Yesterday (Saturday January 8) was a good day for skiing, and I seized the day. I had a great ski at Bird’s Hill Park. It was almost impossible not to get a good long glide.

It was overcast, with a light winds. A light snow fell a few times, and the temperature was -13 C in the early afternoon. The new snow made the roads a little slippery, and the road in the park was snow-packed. At one point, as I was approaching Folk Festival Drive along South drive, two young deer ran onto the road from the brush on the east of the road, on my right. They ran along the road for a couple hundred meters. They didn’t seem to want to cross into the open fields on the left, and veered back and jumped back into the woods. They were running at 40 to 50 kph for a bit.
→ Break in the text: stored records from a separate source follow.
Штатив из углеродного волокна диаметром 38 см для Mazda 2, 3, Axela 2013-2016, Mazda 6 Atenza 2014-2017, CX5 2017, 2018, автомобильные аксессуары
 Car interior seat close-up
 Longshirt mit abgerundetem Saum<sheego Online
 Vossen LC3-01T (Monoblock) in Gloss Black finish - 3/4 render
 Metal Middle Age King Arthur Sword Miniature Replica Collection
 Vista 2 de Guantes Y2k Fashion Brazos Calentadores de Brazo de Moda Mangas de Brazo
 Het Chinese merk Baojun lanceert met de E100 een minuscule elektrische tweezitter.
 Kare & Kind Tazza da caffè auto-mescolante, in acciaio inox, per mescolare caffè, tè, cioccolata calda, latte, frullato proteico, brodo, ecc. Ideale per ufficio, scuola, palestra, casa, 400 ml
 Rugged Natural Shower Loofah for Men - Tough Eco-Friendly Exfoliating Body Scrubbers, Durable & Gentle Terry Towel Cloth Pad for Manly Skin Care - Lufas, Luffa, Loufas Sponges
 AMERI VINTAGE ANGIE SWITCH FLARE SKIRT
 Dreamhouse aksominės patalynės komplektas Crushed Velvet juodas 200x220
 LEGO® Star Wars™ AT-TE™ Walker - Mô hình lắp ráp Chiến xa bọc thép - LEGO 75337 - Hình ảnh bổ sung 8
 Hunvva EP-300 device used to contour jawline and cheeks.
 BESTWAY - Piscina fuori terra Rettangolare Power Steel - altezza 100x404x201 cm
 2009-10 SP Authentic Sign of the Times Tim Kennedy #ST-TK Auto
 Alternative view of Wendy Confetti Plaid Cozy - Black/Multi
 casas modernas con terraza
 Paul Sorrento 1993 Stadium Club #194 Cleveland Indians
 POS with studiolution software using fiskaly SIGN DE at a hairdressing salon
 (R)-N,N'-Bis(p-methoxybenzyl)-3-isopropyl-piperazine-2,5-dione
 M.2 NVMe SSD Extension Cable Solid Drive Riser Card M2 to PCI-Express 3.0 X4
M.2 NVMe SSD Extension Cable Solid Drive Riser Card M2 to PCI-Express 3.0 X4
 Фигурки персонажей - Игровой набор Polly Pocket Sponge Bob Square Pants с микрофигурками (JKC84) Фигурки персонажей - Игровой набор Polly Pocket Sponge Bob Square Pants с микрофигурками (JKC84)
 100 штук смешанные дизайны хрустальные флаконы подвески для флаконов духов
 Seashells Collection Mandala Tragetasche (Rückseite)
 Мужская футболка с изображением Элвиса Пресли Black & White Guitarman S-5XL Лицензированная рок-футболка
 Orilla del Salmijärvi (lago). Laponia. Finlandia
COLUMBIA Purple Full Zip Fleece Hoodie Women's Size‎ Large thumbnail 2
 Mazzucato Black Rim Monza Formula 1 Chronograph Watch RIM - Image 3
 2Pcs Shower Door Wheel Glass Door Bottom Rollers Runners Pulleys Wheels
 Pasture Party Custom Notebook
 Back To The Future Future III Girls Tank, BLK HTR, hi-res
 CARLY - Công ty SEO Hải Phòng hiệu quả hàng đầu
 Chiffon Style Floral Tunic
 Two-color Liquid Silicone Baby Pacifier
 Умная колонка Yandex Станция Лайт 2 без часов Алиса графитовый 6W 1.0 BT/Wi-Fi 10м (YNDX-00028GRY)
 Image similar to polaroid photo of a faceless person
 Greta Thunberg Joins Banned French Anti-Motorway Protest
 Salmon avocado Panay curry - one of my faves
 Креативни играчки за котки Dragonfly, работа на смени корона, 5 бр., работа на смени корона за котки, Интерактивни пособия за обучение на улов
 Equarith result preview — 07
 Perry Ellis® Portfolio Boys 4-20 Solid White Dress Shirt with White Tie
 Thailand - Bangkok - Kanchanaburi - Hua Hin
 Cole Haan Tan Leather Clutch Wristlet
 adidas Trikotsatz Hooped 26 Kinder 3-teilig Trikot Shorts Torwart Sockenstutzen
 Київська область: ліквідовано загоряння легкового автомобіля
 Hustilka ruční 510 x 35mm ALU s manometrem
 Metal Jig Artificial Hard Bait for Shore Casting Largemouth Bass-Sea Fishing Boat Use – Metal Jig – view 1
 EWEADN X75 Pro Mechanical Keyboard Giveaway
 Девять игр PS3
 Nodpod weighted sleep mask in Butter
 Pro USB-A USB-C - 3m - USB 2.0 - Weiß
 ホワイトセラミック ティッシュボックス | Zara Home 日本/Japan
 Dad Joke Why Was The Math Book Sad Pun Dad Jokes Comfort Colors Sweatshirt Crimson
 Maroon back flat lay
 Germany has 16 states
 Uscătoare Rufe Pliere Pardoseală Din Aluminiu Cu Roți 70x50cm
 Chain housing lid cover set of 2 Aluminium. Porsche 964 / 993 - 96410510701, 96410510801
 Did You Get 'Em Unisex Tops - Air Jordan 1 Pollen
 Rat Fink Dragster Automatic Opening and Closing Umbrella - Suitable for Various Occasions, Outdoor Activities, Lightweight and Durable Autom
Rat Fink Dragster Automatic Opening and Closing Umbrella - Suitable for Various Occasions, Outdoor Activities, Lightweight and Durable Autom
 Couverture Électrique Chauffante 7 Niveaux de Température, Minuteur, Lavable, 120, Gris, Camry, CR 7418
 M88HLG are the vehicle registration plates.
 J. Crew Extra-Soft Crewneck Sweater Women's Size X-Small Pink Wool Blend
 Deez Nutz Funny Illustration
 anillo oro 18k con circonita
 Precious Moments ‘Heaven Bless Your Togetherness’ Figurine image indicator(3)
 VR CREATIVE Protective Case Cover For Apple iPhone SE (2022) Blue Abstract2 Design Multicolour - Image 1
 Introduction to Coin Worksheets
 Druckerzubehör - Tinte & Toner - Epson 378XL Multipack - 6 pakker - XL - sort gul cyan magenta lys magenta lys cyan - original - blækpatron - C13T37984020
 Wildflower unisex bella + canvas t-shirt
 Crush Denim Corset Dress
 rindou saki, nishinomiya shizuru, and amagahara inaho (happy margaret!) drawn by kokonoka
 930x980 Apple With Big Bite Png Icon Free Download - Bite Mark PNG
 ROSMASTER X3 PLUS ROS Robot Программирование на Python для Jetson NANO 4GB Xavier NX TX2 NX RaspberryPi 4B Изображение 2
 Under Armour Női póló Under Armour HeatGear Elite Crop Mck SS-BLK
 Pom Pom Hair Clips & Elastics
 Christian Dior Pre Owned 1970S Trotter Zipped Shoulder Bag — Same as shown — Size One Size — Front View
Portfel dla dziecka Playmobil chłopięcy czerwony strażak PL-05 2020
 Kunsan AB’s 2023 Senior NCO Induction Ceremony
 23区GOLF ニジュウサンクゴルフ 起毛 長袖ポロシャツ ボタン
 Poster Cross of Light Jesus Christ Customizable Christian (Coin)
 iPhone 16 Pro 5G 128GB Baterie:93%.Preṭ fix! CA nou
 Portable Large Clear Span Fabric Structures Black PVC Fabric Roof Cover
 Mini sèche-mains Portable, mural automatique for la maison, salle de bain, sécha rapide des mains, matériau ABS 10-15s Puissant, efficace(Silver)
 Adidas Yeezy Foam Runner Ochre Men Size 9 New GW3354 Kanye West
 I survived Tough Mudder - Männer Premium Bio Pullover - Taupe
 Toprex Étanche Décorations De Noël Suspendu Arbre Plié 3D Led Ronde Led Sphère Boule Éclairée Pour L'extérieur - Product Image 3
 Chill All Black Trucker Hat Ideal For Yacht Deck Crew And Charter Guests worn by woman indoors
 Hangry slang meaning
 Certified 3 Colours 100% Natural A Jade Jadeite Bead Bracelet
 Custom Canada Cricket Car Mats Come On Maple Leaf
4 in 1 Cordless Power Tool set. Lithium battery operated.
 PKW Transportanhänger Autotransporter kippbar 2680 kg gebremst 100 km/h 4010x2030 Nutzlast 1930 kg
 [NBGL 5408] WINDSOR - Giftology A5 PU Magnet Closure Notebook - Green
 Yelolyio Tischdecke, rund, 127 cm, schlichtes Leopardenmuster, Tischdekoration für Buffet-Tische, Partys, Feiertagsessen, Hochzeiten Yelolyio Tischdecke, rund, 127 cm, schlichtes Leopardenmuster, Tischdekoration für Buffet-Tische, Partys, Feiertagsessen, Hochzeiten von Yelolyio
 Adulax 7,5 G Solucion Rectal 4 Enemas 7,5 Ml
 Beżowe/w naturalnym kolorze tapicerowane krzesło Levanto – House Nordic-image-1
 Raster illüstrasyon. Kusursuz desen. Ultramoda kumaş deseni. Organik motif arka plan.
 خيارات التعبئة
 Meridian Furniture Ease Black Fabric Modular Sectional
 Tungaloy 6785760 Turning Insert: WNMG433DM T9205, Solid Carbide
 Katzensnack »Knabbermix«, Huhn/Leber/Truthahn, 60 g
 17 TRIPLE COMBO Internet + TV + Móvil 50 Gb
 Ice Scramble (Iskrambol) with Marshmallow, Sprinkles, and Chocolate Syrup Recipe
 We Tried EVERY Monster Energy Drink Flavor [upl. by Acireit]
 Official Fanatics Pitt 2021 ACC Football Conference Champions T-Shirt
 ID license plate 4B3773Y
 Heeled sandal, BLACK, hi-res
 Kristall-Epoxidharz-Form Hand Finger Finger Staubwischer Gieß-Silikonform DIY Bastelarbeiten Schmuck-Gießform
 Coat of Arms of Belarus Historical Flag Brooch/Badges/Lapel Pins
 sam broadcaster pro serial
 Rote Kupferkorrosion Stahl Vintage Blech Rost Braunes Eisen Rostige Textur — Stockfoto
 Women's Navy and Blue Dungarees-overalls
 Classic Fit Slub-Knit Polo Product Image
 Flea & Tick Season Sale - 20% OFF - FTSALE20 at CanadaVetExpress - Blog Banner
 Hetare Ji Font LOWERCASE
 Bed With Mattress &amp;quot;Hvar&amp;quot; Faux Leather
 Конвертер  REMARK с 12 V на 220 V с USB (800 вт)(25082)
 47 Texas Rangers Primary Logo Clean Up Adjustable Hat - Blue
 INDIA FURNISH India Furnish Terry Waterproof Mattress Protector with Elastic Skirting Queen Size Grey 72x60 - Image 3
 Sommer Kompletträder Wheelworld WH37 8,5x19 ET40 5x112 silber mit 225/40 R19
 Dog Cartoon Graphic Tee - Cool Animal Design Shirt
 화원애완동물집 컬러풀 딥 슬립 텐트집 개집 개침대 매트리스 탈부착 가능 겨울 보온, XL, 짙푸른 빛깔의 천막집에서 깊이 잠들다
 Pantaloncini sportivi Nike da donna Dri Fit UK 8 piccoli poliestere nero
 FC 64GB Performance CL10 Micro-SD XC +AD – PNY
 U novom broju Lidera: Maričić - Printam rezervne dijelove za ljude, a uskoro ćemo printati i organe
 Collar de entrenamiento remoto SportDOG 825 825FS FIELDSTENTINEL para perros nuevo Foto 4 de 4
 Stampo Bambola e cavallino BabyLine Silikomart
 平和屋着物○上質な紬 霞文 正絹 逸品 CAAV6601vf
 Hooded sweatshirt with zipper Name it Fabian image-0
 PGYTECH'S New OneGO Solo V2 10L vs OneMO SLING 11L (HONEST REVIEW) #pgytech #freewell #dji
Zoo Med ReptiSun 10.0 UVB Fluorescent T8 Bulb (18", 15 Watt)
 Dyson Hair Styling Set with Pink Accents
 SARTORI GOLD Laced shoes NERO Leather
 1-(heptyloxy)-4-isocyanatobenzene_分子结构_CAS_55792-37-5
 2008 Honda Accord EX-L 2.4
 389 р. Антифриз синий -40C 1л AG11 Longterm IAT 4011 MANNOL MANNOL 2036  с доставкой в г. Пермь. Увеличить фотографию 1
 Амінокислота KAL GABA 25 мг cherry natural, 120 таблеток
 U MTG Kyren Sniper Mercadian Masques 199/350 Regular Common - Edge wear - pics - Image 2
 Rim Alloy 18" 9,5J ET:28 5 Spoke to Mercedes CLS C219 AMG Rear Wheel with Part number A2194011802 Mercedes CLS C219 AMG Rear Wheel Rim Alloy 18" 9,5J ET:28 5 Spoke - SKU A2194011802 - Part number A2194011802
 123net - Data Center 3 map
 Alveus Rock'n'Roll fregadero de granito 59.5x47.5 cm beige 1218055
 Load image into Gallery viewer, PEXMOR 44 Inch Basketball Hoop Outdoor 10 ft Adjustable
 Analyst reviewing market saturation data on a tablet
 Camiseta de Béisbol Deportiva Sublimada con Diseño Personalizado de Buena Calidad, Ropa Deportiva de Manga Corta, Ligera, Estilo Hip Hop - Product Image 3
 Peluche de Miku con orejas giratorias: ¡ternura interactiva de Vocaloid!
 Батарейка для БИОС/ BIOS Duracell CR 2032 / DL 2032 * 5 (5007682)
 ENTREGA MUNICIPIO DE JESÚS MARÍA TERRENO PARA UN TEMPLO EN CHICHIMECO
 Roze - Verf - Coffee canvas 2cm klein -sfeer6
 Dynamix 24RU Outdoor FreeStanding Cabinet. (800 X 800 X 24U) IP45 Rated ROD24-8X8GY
I skied on the Aspen, Chickedee and Esker trails. The trails had been nicely groomed after the two winter storms, and the fresh powder made the tracks very fast. I started at 2:30, and was finished a little after 4:00. I started on the Aspen trail, then too a loop around the Chickadee trail, and then started a second loop of the Chickadee. The Esker trail touches the Chickadee, and I took the crossover and took the Esker back to the parking lot. That route was about 12 or 12.5 kilometers. The classic trails in Bird’s Hill are mainly double tracked, and mainly one way, which means it’s easy to pass or to yield. I saw a dozen other skiers, but was mainly alone. I saw another deer along the Aspen trail. The trees and brush in the park are mainly aspens and scrub oak but there are some evergreen – the vestiges of the shelter belt trees planted by the farmers who tried to live on this sandy esker, before the Province created the park. The trees were heavy with snow, and there were several winter postcard views, even in the thin light under an overcast sky.
Steve and I had planned to ski on December 30, and called it off when the blizzard started. He had waxed his skis, for the first time in many years, and posted about his technique. In and around shovelling snow, I cleaned my skis and applied new hot wax on the glide sections.
I have a basic waxing iron – a block of metal, with a handle, that has to be heated with a propane torch. I melt wax on the iron, drizzle it on, iron it on and scrape it flat. I should just rub the wax in to the ski, like a kicker wax, and then iron it in. The instructions in the newer packages of hot glider waxes are to scrape it hard and brush it. The idea seems is to permeate the synthetic base without leaving visible layer of wax on the surface of the ski. I have tended to do that only about once a year, and to use the Swix green glider. I haven’t been finding the Swix glide waxes in the stores for a few years, and I have switched to Toko. The blue Toko glide wax is the one for dry cold cold powder, which is what we have in Manitoba for most of the season. In theory I should change to a warmer wax for warm conditions and moister snow but I have never bothered.
This time I did some further reading on ski care before waxing. I found a page of gear and waxing links on the Manitoba Cross Country ski association page. The waxing tips on the Swix site were useful. The waxing sites all agreed that the entire length of a synthetic base waxable ski should be waxed, and some favour leaving wax on the base over the summer to keep the base from drying out (I did it because I was too lazy to clean my skis). The consensus is to use a hard glider wax on the glide zones – which is everywhere but the relatively short kick zone – and iron it in hot. (A hard wax like Swix polar, smoothed with a cork, also works fine, since it is basically a gliding wax with no grip when the temperature is above -25 C, and it is easier to apply). According to the Swix page the kick zone starts from the heel plate and is measured forward about 55 cm. I used to have a long kick zone, perhaps 35-40 cm measured from the binding or toe. That seems to be too much, especially behind the foot. I cut the kick zone down and applied glide wax over longer sections of the ski than I used to. Swix says not to apply a specialized glide wax in the kicker zone even, as a base. (If you are using a cold grip wax like Swix Polar as a glide it can also be a base layer under the kicker). Swix suggests multiple thin layers of wax, applied in kick zone, corked out individually.
It was cold on January 3, and I had applied Swix Special green as my kick wax. The first time I skied on the newly waxed skis, I did a dumb thing about putting my skis into cold snow with drops of water on them. See my blog posts of January 4. But today things went beautifully. I added a layer Swix Green in the kick zone, for the warmer conditions. I had a beautiful long ski.
I’m going out with Mike and Steve today for a short exploration of the Assiboine forest.